Aim of the exercise: Everything from the line holding "And then you go" through the last line of the data, and nothing else, should be retyped exactly, with no pictures.

Data to use:
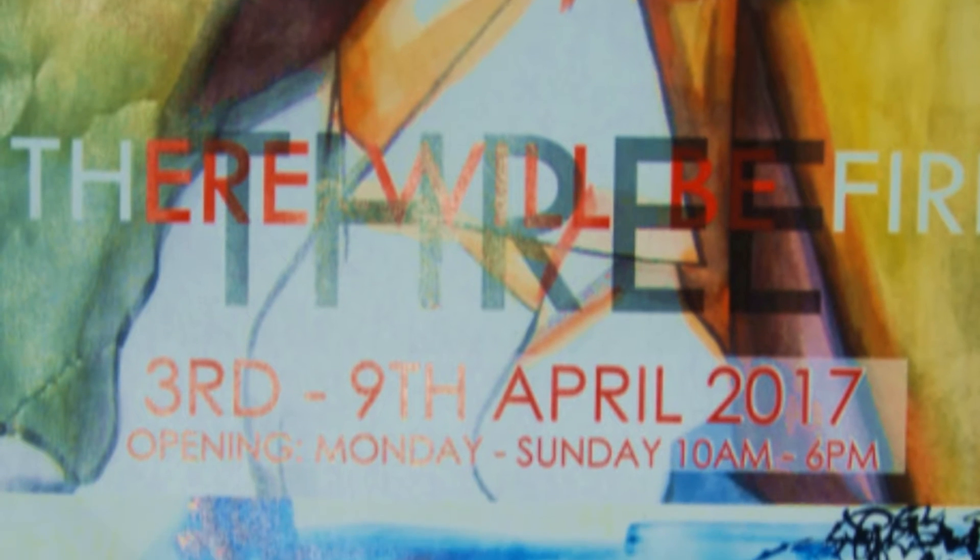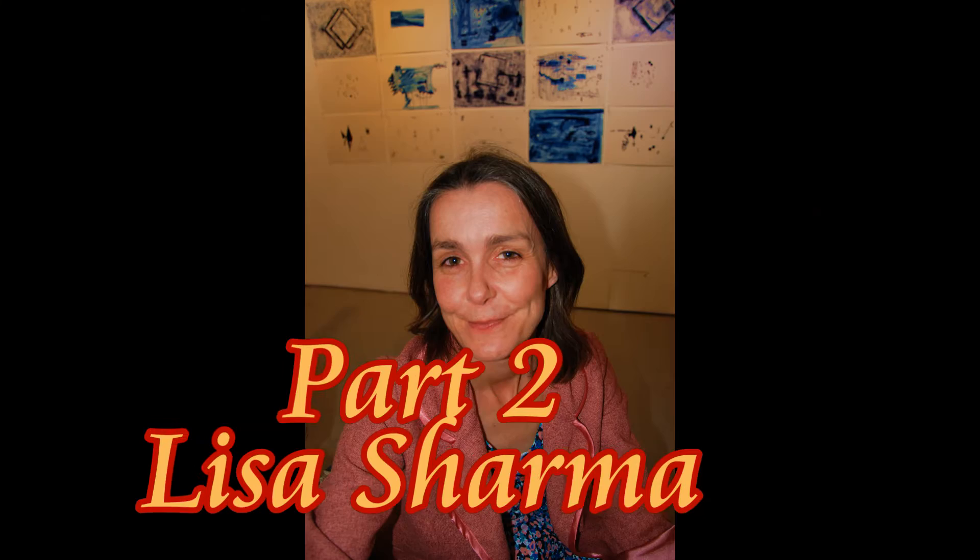From the 3rd to the 9th of April 2017, the Bass Gallery London presents There Will Be Fire! Three London artists — Elisa Sharma, you can find her on Facebook.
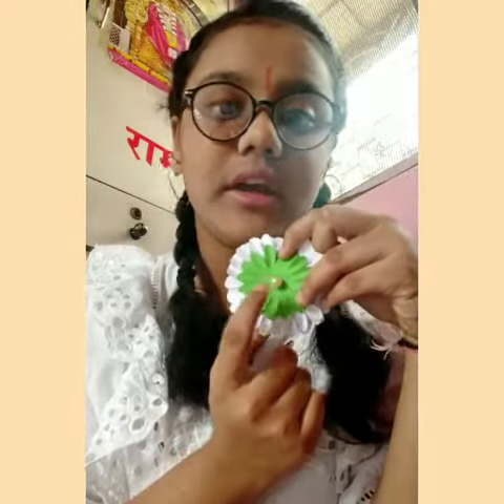Now with the help of glue we will stack all these 3 papers by size — first the largest, then medium, and then the small one, which is a colorful paper. After sticking these 3 flowers, I have put a small bead in the middle.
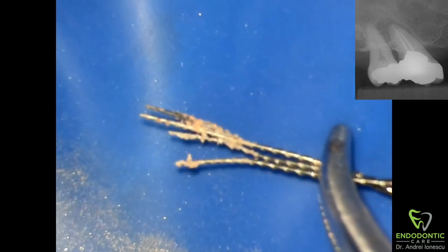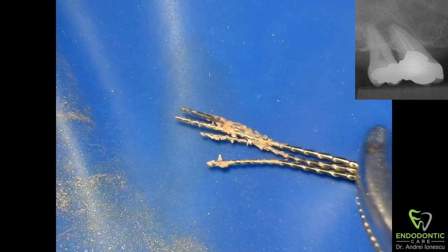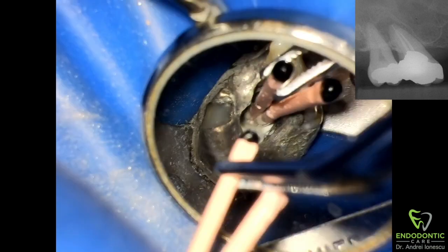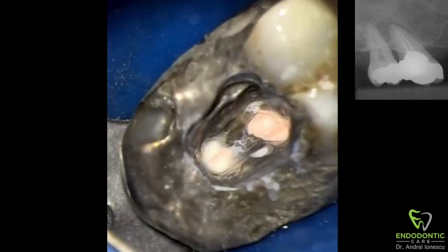And there you go — you can see three Hedstrom files and the thermofill carrier. That was the hard part. Now this is what we have inside the pulp chamber: lots of debris, which of course we need to clean out. In this case we also had to look for the distal buccal canal, which happened to be originating from the same orifice as the mesial buccal, just separating a little bit further down. Once the gutta-percha and carrier were out of the way, I could look inside with the microscope and find another pathway. Now we'll go through our irrigation protocols, obturate, and take a final x-ray.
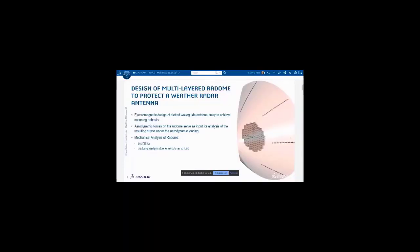Today we'd like to show you how we would design a multi-layered radome in order to protect the weather radar antenna in the front section of an airplane. The whole procedure is structured in three main steps. We will see an electromagnetic design of the slotted waveguide antenna array to achieve the electrical behavior we'd like to have from the antenna.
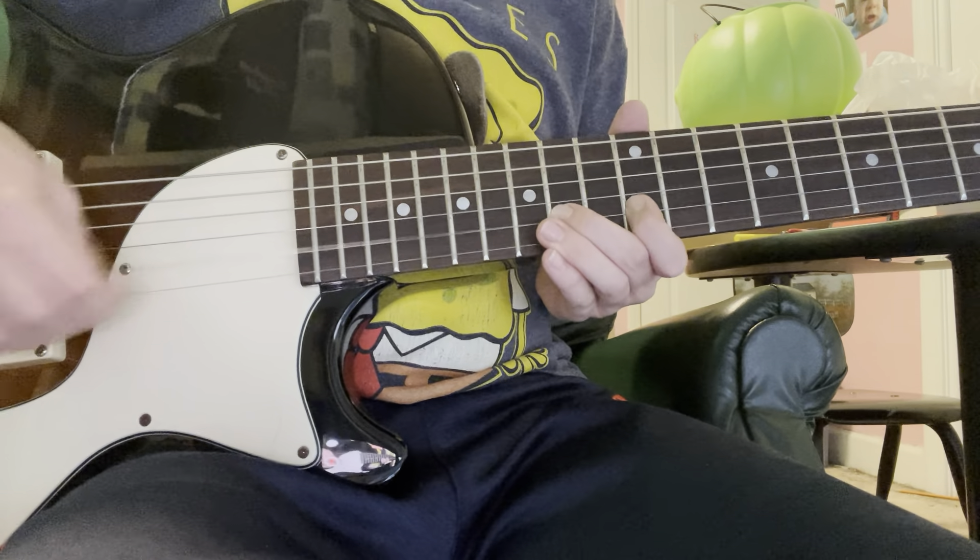And then you go all the way down here to the 3rd fret. You go open E and then palm mute it two times. And then you do that same thing but on the 3rd fret — when you play that high little note thing. Don't be afraid to bend it a little bit. And then you want to do that three times.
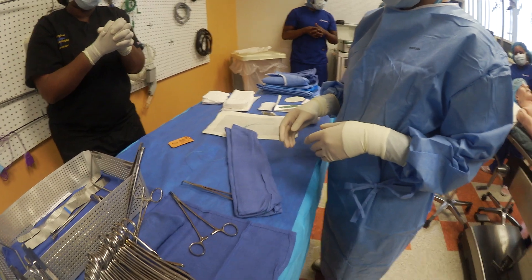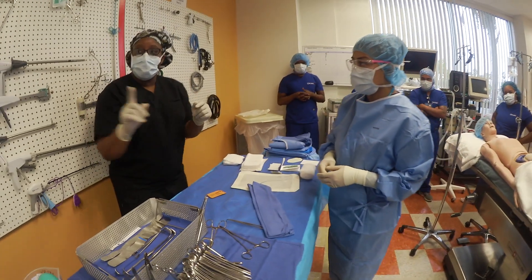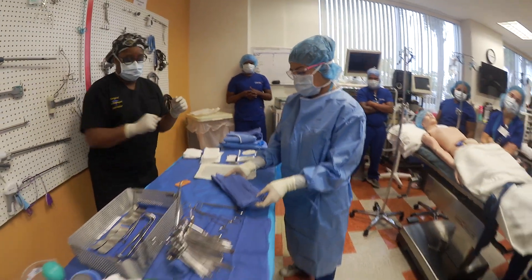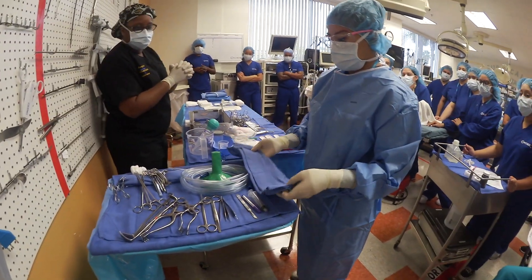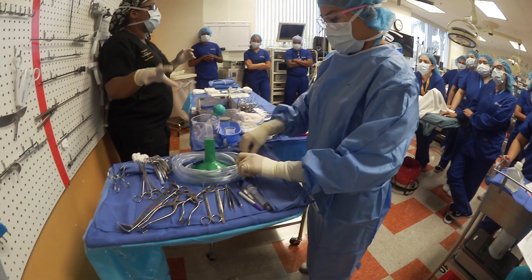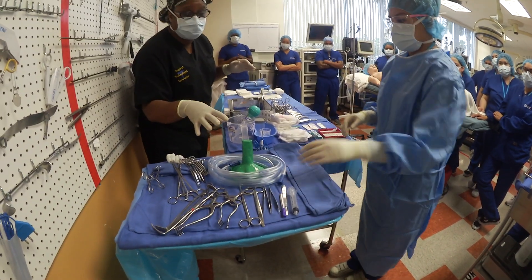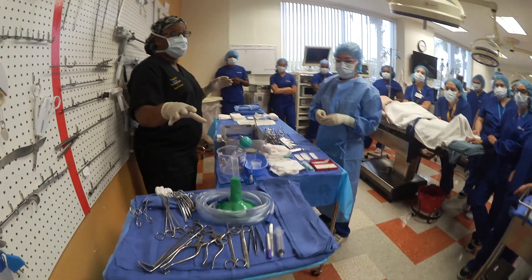Number two: demonstrate the hand signal for surgeon requesting a free tie, then pass the free tie to the surgeon. Per the sheet — place the towel on the Mayo stand. We are not going to dictate how you set up your Mayo stand. You set it up however you feel most comfortable and what works for you.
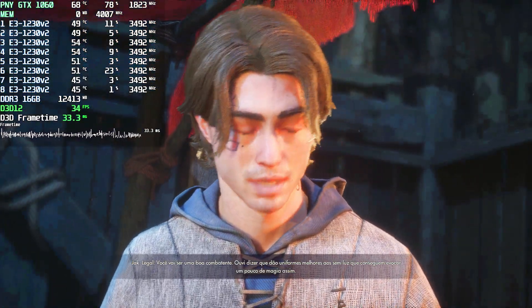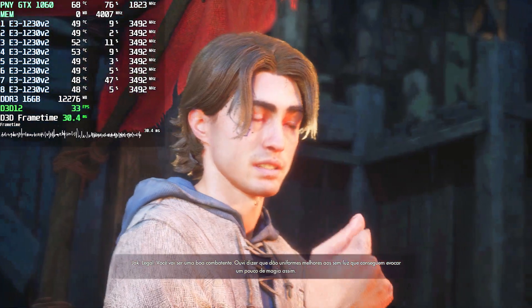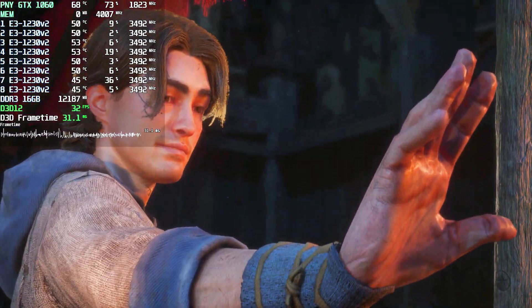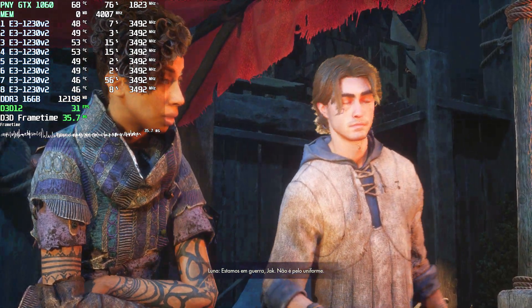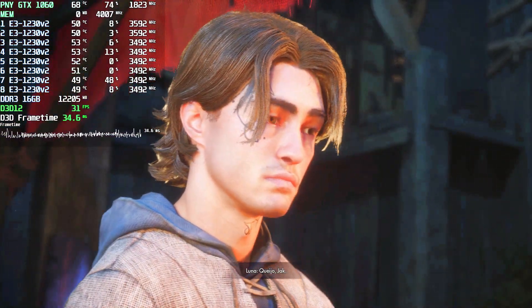Nice, you'll make a good soldier. I hear they give better uniforms to the light-listed that can summon a little magic like this. There's a war, Jack. It's not about the uniform. Or maybe it's better boots.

Answer space:
And then you go all the way down here to the 3rd fret. You go open E and then palm mute it two times. And then you do that same thing but on the 3rd fret — when you play that high little note thing. Don't be afraid to bend it a little bit. And then you want to do that three times.
Number two: demonstrate the hand signal for surgeon requesting a free tie, then pass the free tie to the surgeon. Per the sheet — place the towel on the Mayo stand. We are not going to dictate how you set up your Mayo stand. You set it up however you feel most comfortable and what works for you.
Nice, you'll make a good soldier. I hear they give better uniforms to the light-listed that can summon a little magic like this. There's a war, Jack. It's not about the uniform. Or maybe it's better boots.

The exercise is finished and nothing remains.